The military is looking to create a new unmanned plane that could take off and land almost anywhere in the world — a potentially major technological leap forward in government intelligence gathering.
The plane, which has yet to be designed, could let soldiers gather high-quality intelligence in a better way than the current crop of small intelligence aircraft allow, DARPA officials said. Service members, particularly in the U.S. Navy and Marine Corps, would be able to fly these unmanned planes longer and further without much crew or setup, and do so even on the most far-flung battlefields, all while gathering high-quality images.
Still, it’s going to face challenges becoming reality — particularly when it comes to landing unmanned planes on rocking boats in the ocean.
“That has been done on land,” said Steve Komadina, a program manager at DARPA in charge of the program. “But it hasn’t really been done on a ship.”
The U.S. military has a large arsenal of intelligence-gathering planes, but many come with drawbacks. Planes that can carry bulky sensors and camera equipment needed for high-level intelligence missions are often larger and need to be manned. Those that are unmanned often can’t fly further the eye can see and require an airstrip or large parts of a Navy deck with several people nearby to help the plane take off and land.

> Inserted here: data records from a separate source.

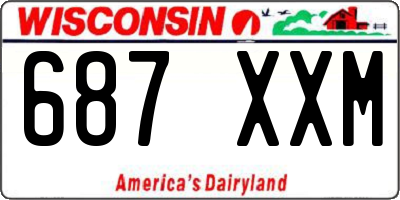 WI license plate 687XXM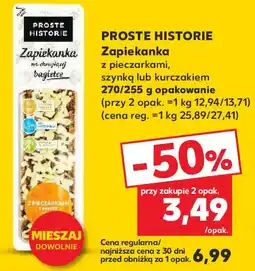 Kaufland Proste historie zapiekanka z pieczarkami, szynką lub kurczakiem oferta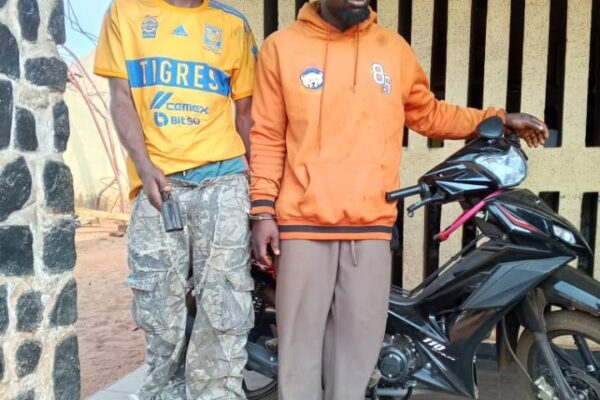 Mohammed Chelim and Oneh Mohammed, two suspected armed robbers, arrested in Dekina Local Government Area along Anyigba-Egume road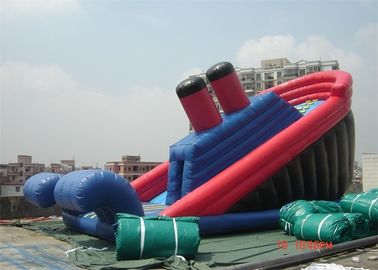 बच्चों के लिए अद्भुत 10 एम टिकाऊ वाणिज्यिक समुद्री डाकू जहाज Inflatable स्लाइड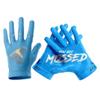 HIGHLIGHT FACTORY ATL G.O.A.T. Silhouette You Got Mossed/Ultra Grip Football Gloves (Baby Blue, Adult Small) view 1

To solve that issue, DARPA aims to partner with defense contractors or commercial aircraft start-ups to create its X-Plane. DARPA officials are looking to build off the advances that commercial vertical-takeoff-and-landing aircraft companies have made in propulsion, low-weight batteries and low-cost manufacturing materials.

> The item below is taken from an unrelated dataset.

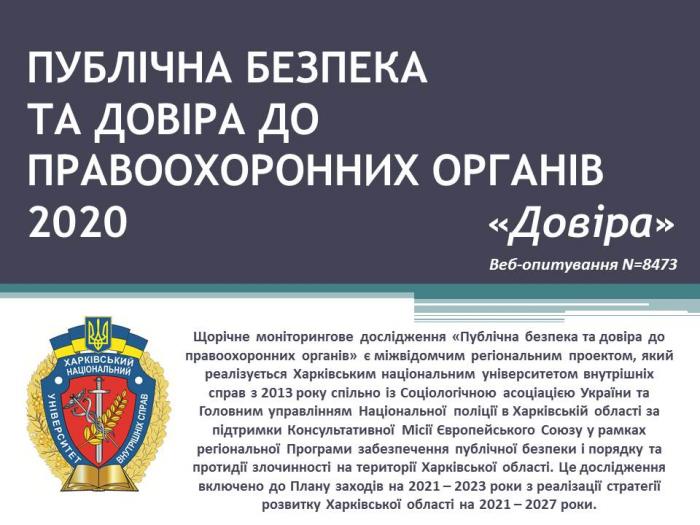Довіра до поліції Харківщини зростає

The initiative’s name is a mouthful, dubbed the advanced aircraft infrastructure-less launch and recovery X-Plane, or ANCILLARY.
Though little is known about how the end product will look, the agency said it should weigh no more than 250 to 330 pounds, fly roughly 16 hours at a time, be able to carry equipment up to 60 pounds and vertically take off and land from Navy decks or anywhere in the world that has roughly 320 square feet of clear space, Komadina said.
The aircraft could carry a small bomb if needed, he added, but “that’s not really in the plans right now.”
Next week, DARPA will invite companies to learn more about the initiative and submit project proposals. Officials estimate it will take three years to get a prototype, and another three years or so before the actual plane could be used on the battlefield.
But several challenges remain. It will be difficult to create an aircraft design that meets DARPA’s weight, flight-time and flying-range specifications. Creating a propulsion system that delivers enough energy to vertically take off and land the aircraft while also scaling down to cruise is difficult to master.
Cynthia Cook, a defense industry expert and senior fellow at the Center for Strategic and International Studies, a national security think tank, said that she welcomes this DARPA program, because creating better-quality unmanned systems to gather intelligence on the battlefield prevents troops from undergoing dangerous missions.
“Unmanned systems doing these missions may mean that members of the military are less at risk,” she said.